When the House passed (221-201) the INVEST Act today-- a $715 billion hard infrastructure bill dealing with transportation and water-- they were also passing the first big piece of legislation with earmarks since the practice was reinstated this year. 105 Republican members inserted earmarks-- about $1.5 billion worth-- for 403 projects in their districts and most of them then voted against the package anyway. Every Democrat voted for it but the only Republicans who joined them were Brian Fitzpatrick (PA) and Chris Smith (NJ).
Remember the old days when if a member got an earmark and then voted against the bill, the earmark would be stripped from the bill? I don't think they're doing that anymore and instead, these House hypocrites are counting on the Senate to pass it's own infrastructure plan which would then go to a conference where the Republicans' earmarks would be re-added to the final version they could then vote in favor of.
The Republicans don't like the House bill-- put together by Pete DeFazio, Chair of the Transportation and Infrastructure Committee and Frank Pallone, chair of the Energy and Commerce Committee-- because it includes provisions dealing with Climate Change and because the spending isn't offset by spending cuts elsewhere.

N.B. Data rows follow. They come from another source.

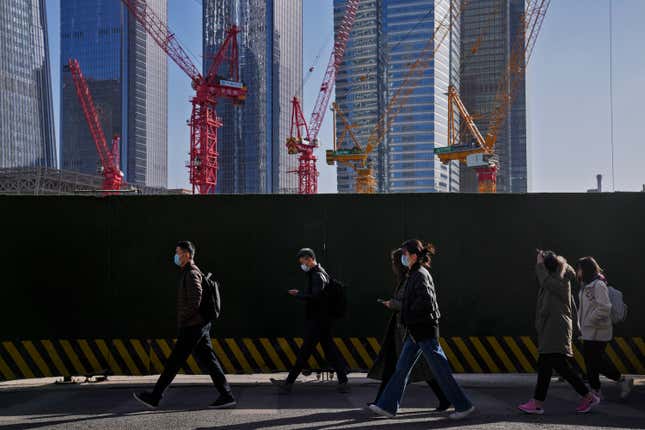 FILE - People wearing face masks walk by construction cranes near the office buildings at the central business district in Beijing, on March 15, 2023. Chinese leaders have held an annual planning meeting where they agreed to step up spending to help rev up the world&#39;s second-largest economy, state media reported Friday Dec. 8, 2023 without giving details of any policy changes. The report gave few specifics on how the leadership plans to handle fast mounting debts and resolve a crisis in the vital property sector after defaults by dozens of developers. (AP Photo/Andy Wong, File)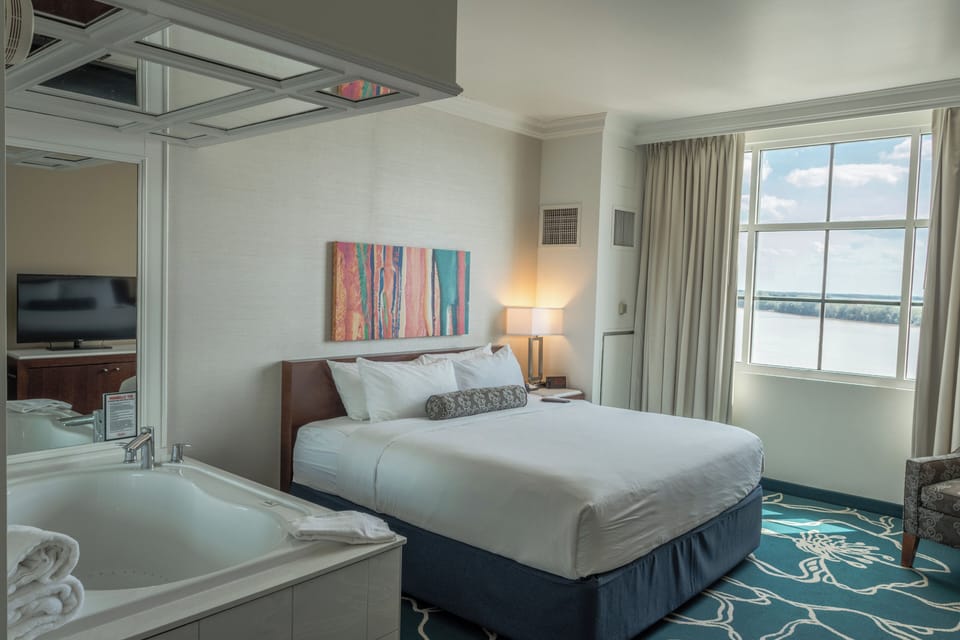 Suite, 1 King Bed, Smoking | 1 bedroom, hypo-allergenic bedding available, in-room safe, desk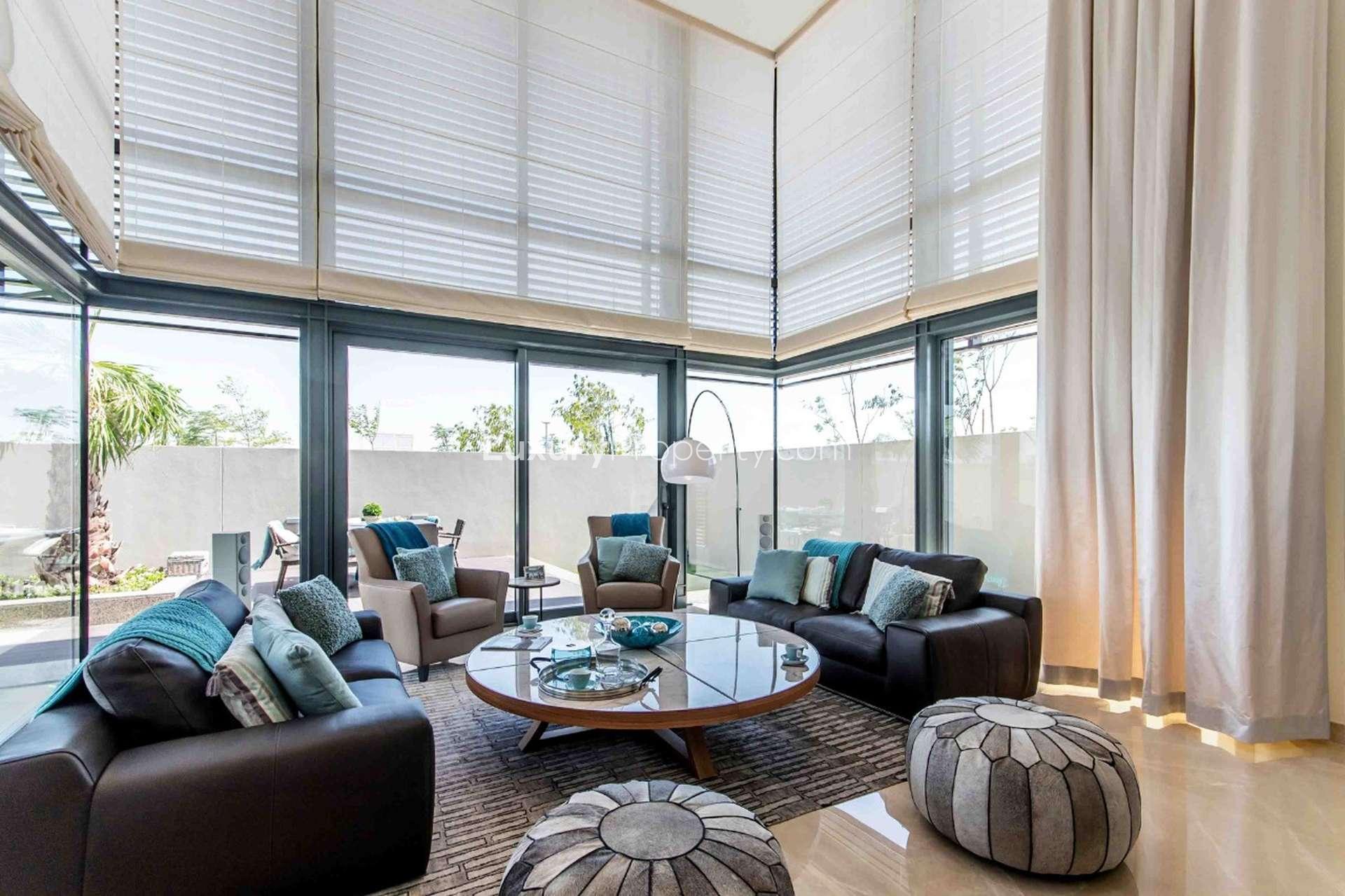 Luxurious living room in Sobha Hartland villa with modern furnishings and large windows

The NRCC messaging on the bill is to call it the "The Green New Deal Revisited" and sneer (while many of their own constituents, like Kevin McCarthy's and David Valadao's broil).
Associated Press reporter Kevin Freking, pointed out that "Biden has suggested raising the corporate tax rate to fund infrastructure investments, but Republicans oppose that and would vote against it. The bipartisan group of 10 senators negotiating a nearly $1 trillion plan narrowed on a variety of potential funding sources that don’t involve tax increases. House Republicans took issue with the transportation bill being considered Thursday because it doesn’t include a funding mechanism. Republicans argued the new spending on infrastructure would increase the deficit and ramp up inflation, hurting families when they buy gas and groceries. They also protested the exclusion of their proposals to further streamline the permitting process so that large infrastructure projects could be completed more quickly and at less cost to taxpayers."
GOP Whip Steve Scalise was whining that the bill "is very partisan" and "has little to do with infrastructure. It’s more about the Green New Deal." I wish it really was a Green New Deal revisited!
This morning, Politico pointed out some of the most electorally vulnerable Republicans who requested big money and then voted against their own requests: David Valadao ($20 million), Don Bacon ($20 million), John Katko ($19.4 million), Mariannette Miller-Meeks ($15 million) and Carlos Gimenez ($4 million).
The progressive Democrat running for the Central Valley district represented by Valadao, Delano Mayor Bryan Osorio seemed aghast when I spoke with him after the vote today. He told me that "Valadao once again voted against the interests of his community residents by voting 'no' for the INVEST in America Act, a bill that included $20 million for his district to fix and improve roads, bridges, and highways. If he were the bi-partisan congress member he repeatedly claims to be, he would have been one of the two Republicans to vote for the INVEST Act. However, he continues to follow the lead of Rep. Devin Nunes (CA-22) and Rep. Kevin McCarthy (CA-23), and chooses the Republican Party over his constituents’ needs."
what... no comment about the FUCKING DEMOCRAPS reinstating earmarks... but making it even worse by NOT stripping those added by asswipes who vote against their own shit?
I bet you figured we would have assumed it would be the nazis who would have done this...
so, puhleeeeeze tell us all again WHY THE FUCK we are supposed to keep electing democraps?
Especially since you wrote: "...I didn't vote for (biden) in either the primary or the general and ... I abandoned lesser-of-two-evils electoral politics. -- DWT in the 'AOC is Much Smarter...' piece just down the page a bit.